• [TASK PROMPT]: Each line from the opening of the records that follow to the line with "Kerstin Kvint och" needs to be written out exactly. Add nothing.

• [GIVEN DATA]:
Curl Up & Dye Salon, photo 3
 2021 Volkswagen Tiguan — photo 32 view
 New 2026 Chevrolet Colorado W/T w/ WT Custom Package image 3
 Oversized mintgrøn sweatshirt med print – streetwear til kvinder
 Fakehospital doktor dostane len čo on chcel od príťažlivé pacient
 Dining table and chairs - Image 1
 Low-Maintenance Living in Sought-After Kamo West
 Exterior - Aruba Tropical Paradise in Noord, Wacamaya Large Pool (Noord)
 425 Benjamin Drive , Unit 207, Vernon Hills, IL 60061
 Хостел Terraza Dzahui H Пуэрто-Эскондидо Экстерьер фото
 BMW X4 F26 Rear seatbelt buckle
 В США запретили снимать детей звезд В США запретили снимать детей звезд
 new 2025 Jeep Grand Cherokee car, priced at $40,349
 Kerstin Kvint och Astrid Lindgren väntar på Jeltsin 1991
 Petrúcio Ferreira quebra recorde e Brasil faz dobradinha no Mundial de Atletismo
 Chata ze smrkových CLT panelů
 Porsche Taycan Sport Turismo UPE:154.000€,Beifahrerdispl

• [TASK RESPONSE]:
Curl Up & Dye Salon, photo 3
 2021 Volkswagen Tiguan — photo 32 view
 New 2026 Chevrolet Colorado W/T w/ WT Custom Package image 3
 Oversized mintgrøn sweatshirt med print – streetwear til kvinder
 Fakehospital doktor dostane len čo on chcel od príťažlivé pacient
 Dining table and chairs - Image 1
 Low-Maintenance Living in Sought-After Kamo West
 Exterior - Aruba Tropical Paradise in Noord, Wacamaya Large Pool (Noord)
 425 Benjamin Drive , Unit 207, Vernon Hills, IL 60061
 Хостел Terraza Dzahui H Пуэрто-Эскондидо Экстерьер фото
 BMW X4 F26 Rear seatbelt buckle
 В США запретили снимать детей звезд В США запретили снимать детей звезд
 new 2025 Jeep Grand Cherokee car, priced at $40,349
 Kerstin Kvint och Astrid Lindgren väntar på Jeltsin 1991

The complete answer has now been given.